L’iniziativa rientra nel più ampio progetto “Lavorare a Jesolo”, voluto da Aja per promuovere il settore dell’ospitalità e formare nuove generazioni di lavoratori.

“Riteniamo fondamentale lavorare sul medio-lungo periodo, costruendo relazioni dirette con le scuole e con i ragazzi”, spiega il presidente Pierfrancesco Contarini.

Gli istituti coinvolti sono l’Ipseoa Psia Da Vinci di Castrovillari, il Polo Tecnico Professionale Alessi-Filangieri di Trebisacce, l’IpalbTur Trecroci di Villa San Giovanni e il Polo Tecnico Professionale di Isola di Capo Rizzuto.

I ragazzi, impegnati nei percorsi di ricevimento, cucina, sala/bar, pasticceria e assistenza bagnanti, sono stati accompagnati anche da alcuni insegnanti e dal tutor Raffaele Pallone dell’Accademia delle Tradizioni Enogastronomiche.

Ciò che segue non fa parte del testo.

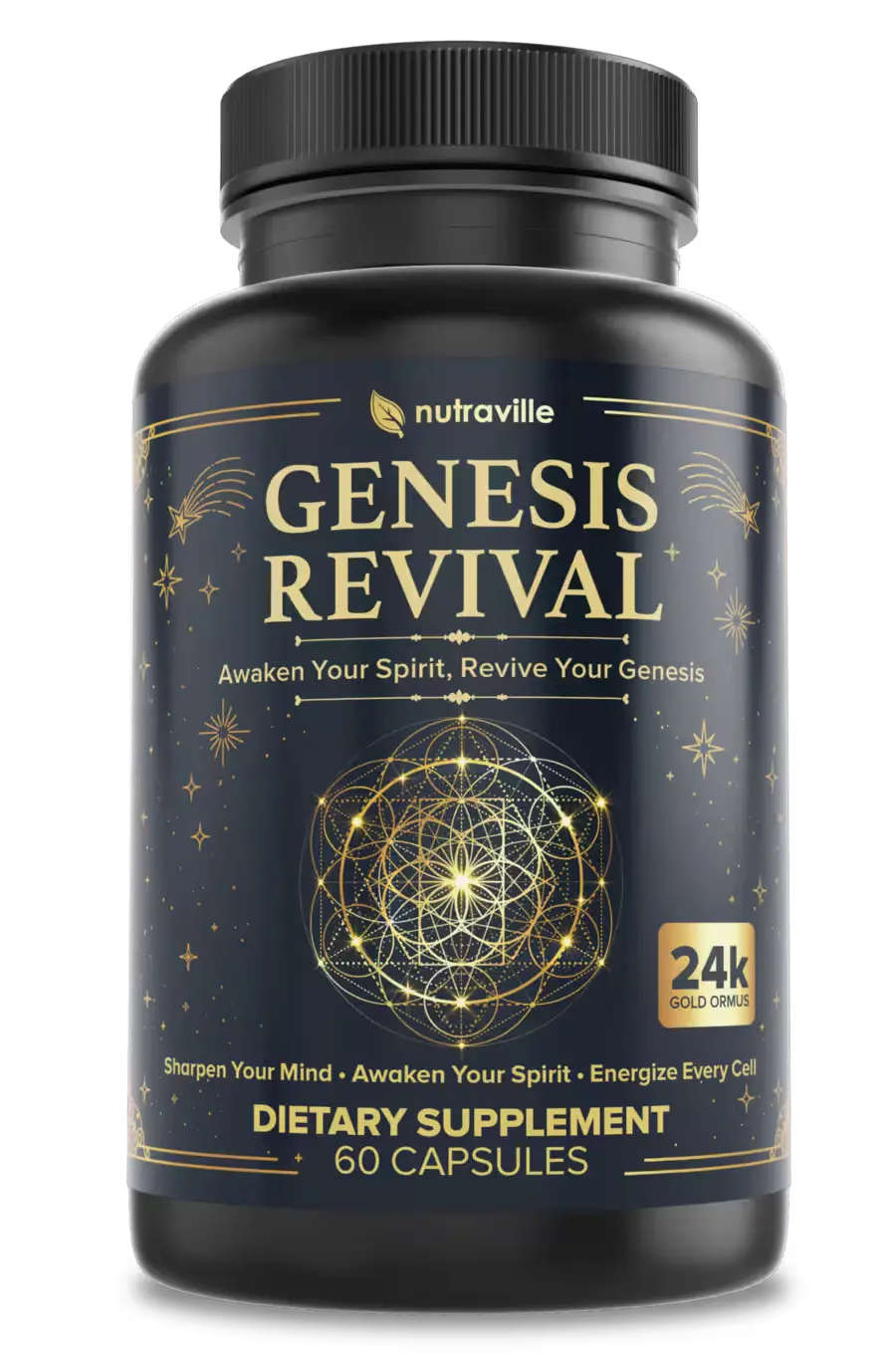 Shop Genesis Revival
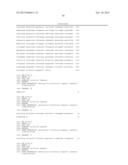 RECOMBINANT VIRAL VECTORS diagram and image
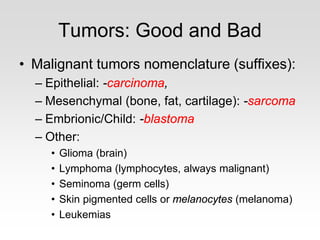 Tumors: Good and Bad
• Malignant tumors nomenclature (suffixes):
– Epithelial: -carcinoma,
– Mesenchymal (bone, fat, cartilage): -sarcoma
– Embrionic/Child: -blastoma
– Other:
• Glioma (brain)
• Lymphoma (lymphocytes, always malignant)
• Seminoma (germ cells)
• Skin pigmented cells or melanocytes (melanoma)
• Leukemias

Il soggiorno, reso possibile grazie alla collaborazione con l’Ente Bilaterale per il Turismo della provincia di Venezia e con il supporto logistico gratuito di Atvo, ha incluso anche vitto e alloggio offerti dagli hotel jesolani.

“È un’esperienza che ci rende orgogliosi – sottolinea Contarini – e che ha fatto scoprire ai ragazzi le potenzialità di un lavoro che richiede sacrificio ma regala grandi soddisfazioni. Questa prima edizione è solo l’inizio: ora vogliamo migliorarla e consolidarla”.